Electrons are pushed and pulled through the wires and resistors by the power supply. The Voltage of the power supply is shared by the two resistors. In other words, the power supply voltage is split and divided between the resistors; the voltage of one resistor is added to voltage of the other resistor to equal the voltage of the power supply.
The same electrons (electrical current) are pushed and pulled by the voltage through both resistors.
Douglas Krantz -- Fire Alarm Engineering Technician, Electronic Designer, Electronic Technician, Writer






How is an End of Line Resistor a Pull-Down Resistor?

By Douglas Krantz

Sometimes when troubleshooting, the technician has to think inside the box.

For instance, take End-of-Line Resistors. The installer thinks of the end-of-line resistor as a device that gets added to the end of zone wires. The technician often thinks of the end-of-line resistor as something that allows a small supervision current to pass through all the zone wiring.
The voltage on the zone terminals goes to full voltage when there is no current through the end of line resistor.
When there is no current through the zone, like when a wire breaks, no current goes through the internal resistor. The internal resistor then pulls the voltage up to the power supply voltage.


Another way of thinking about the end-of-line resistor, though, is to see it as a pull-down resistor.

Pull-Up Resistor and Pull-Down Resistor

On a sensing input for many electronic circuits, a pull-up resistor or a pull-down resistor keeps the voltage from just "floating"; the voltage is either "pulled-up" to the power supply voltage or "pulled-down" to zero. Without this resistor, the voltage, seemingly by itself and at inappropriate times, can easily drift up or down. For a fire alarm panel, this would be the cause of intermittent troubles and false alarms.

On a fire alarm panel, to prevent this "floating input voltage" from affecting the supervision of the input and output zones, inside the circuitry is a pull-up resistor. When nothing is connected to the zone screw terminals, the voltage is pulled up to the power supply voltage.

The voltage on the zone terminals is pulled down to normal supervision when the end of line resistor is conducting current.
The end-of-line resistor pulls some current, so the voltage is pulled down a ways because the current is causing the internal resistor to take up some of the power supply voltage.
Wired as Class A or Class B, out at the end of the Initiating Device Circuit (input circuit or IDC), and at the end of the Notification Appliance Circuit (output circuit or NAC), is a pull-down resistor (End-of-Line Resistor).

When this loop with its pull-down resistor is connected to the zone terminals of the panel, the voltage is divided between the pull-up resistor and the pull-down resistor. As seen on the zone screw terminals, this is the "normal" voltage (or supervision voltage).

Detection

Similar to the usual voltmeter carried by the technician, inside the circuitry of the fire alarm panel is a voltage detector.
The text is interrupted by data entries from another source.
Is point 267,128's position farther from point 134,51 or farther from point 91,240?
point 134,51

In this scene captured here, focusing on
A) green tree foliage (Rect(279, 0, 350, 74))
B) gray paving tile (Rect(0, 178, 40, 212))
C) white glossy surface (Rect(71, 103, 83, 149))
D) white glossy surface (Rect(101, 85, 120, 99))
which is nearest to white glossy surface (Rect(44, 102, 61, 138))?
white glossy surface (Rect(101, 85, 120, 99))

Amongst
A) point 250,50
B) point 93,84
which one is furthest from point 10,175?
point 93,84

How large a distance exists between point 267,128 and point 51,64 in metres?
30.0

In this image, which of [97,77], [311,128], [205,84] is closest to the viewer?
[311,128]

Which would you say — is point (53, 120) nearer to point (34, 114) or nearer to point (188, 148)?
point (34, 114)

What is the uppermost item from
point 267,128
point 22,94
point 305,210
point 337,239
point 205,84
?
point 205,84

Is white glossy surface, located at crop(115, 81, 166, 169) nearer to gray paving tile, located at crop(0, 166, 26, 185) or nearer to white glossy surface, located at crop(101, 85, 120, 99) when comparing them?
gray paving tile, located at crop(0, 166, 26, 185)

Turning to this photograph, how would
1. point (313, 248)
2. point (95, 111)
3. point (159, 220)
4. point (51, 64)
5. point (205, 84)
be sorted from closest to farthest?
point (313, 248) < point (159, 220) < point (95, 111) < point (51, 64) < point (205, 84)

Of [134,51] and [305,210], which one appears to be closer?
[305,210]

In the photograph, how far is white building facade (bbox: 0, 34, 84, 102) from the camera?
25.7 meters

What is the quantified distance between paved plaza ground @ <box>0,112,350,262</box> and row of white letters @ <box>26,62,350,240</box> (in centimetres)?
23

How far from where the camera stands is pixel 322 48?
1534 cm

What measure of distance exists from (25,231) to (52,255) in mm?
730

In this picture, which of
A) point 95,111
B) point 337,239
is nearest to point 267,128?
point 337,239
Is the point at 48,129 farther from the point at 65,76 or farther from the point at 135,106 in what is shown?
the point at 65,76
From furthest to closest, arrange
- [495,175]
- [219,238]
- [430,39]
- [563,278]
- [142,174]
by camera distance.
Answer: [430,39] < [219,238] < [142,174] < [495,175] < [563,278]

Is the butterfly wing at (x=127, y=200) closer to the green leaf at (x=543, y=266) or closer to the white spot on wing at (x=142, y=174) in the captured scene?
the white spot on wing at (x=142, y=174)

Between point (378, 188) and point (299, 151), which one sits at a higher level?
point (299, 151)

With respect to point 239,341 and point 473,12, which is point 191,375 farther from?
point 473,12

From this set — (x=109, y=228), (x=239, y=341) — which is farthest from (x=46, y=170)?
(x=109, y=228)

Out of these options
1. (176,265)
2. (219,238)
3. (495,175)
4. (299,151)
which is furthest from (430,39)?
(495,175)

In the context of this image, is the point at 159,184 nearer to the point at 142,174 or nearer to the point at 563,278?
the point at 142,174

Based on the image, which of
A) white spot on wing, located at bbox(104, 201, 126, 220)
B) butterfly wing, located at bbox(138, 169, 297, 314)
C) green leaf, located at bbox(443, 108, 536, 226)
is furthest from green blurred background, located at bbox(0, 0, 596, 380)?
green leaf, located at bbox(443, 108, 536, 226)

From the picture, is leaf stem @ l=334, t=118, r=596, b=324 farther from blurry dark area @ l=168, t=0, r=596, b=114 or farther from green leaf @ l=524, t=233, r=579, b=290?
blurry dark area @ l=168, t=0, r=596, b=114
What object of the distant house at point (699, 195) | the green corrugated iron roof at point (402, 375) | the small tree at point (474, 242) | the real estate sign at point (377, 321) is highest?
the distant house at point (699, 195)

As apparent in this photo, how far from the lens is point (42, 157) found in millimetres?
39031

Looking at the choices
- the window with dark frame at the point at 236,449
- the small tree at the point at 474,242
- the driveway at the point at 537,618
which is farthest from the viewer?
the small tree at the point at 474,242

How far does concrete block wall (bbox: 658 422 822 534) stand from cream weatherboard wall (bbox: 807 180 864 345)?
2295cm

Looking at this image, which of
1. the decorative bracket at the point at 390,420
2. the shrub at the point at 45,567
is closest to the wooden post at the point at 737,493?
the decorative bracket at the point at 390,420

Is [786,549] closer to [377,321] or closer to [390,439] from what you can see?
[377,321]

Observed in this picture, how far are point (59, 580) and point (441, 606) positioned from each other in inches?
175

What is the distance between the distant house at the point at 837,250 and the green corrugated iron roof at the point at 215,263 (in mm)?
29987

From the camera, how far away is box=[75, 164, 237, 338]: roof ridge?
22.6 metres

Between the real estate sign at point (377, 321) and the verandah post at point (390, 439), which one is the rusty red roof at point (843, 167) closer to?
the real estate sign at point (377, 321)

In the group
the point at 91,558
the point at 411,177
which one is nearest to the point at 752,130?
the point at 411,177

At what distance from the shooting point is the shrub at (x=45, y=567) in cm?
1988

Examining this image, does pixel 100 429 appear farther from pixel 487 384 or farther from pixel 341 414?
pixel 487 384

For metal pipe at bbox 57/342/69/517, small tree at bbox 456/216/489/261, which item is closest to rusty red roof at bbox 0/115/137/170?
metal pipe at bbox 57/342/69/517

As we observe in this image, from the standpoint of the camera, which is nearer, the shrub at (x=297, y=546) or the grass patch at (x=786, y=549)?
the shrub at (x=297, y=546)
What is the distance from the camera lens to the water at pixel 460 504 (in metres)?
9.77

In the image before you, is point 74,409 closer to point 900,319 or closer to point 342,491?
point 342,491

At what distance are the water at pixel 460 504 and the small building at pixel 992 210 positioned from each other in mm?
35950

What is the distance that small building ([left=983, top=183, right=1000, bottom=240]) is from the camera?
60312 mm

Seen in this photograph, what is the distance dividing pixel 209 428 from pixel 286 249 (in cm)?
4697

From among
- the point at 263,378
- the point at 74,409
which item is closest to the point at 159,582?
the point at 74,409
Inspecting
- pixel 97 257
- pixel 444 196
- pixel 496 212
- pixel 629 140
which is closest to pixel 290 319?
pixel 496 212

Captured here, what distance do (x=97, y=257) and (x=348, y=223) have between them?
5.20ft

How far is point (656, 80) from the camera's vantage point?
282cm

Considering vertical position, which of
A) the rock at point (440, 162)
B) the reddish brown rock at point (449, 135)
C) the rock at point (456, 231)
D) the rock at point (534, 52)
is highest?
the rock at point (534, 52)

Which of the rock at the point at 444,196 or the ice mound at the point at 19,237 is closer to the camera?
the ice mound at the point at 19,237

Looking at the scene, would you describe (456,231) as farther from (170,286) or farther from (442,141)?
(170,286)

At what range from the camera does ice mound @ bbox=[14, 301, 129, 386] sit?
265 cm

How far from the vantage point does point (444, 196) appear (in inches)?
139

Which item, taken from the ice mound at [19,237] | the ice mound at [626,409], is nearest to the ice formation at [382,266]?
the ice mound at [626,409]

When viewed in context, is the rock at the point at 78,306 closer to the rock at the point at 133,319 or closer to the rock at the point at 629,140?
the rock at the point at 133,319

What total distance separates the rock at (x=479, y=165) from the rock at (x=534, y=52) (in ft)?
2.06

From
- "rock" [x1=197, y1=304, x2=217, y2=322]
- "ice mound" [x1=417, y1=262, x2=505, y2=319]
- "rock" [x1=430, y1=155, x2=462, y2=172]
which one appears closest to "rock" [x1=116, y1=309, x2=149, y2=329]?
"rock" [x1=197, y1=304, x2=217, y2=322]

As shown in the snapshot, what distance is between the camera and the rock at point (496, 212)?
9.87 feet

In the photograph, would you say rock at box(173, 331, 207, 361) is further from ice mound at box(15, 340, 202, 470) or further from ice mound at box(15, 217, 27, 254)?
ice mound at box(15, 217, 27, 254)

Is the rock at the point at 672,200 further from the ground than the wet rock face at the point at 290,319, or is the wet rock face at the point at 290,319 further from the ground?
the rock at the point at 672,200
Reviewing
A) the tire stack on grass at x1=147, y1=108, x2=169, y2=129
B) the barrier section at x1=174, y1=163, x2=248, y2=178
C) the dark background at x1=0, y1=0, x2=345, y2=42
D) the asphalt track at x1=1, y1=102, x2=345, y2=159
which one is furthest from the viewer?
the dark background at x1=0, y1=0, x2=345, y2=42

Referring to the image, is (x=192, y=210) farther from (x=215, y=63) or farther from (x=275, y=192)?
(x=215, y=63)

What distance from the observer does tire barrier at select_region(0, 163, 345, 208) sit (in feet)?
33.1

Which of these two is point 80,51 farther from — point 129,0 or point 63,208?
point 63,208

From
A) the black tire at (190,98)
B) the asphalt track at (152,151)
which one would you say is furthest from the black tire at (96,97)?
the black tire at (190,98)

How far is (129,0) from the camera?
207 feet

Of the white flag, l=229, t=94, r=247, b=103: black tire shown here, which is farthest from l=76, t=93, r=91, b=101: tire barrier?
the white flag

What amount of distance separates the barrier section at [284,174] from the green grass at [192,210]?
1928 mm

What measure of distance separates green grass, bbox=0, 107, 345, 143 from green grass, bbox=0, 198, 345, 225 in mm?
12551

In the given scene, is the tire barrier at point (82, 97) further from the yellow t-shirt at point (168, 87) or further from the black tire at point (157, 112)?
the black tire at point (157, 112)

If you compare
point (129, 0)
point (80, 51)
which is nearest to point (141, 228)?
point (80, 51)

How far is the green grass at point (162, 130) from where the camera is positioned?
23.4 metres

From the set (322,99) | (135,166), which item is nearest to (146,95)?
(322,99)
The voltage detector measures the screw terminal voltage of the input or output zone (loop).

If it's an input loop (Initiating Device Circuit or IDC):

•  Normal - The voltage detector sees the normal supervision voltage: the voltage is divided correctly between the internal pull up-resistor and the external pull-down resistor.

•  Trouble - The voltage detector sees high voltage: a wire is broken, a connection is loose, a device is missing. There is no pull-down resistor so the voltage is pulled up to the power supply voltage.

•  Alarm - The voltage detector sees low voltage: a device has pulled further down on the voltage.

A smoke detector has its own pull-down resistor that, when the detector goes into alarm, pulls the Initiating Device Circuit voltage further down, and the voltage measurement device detects an alarm.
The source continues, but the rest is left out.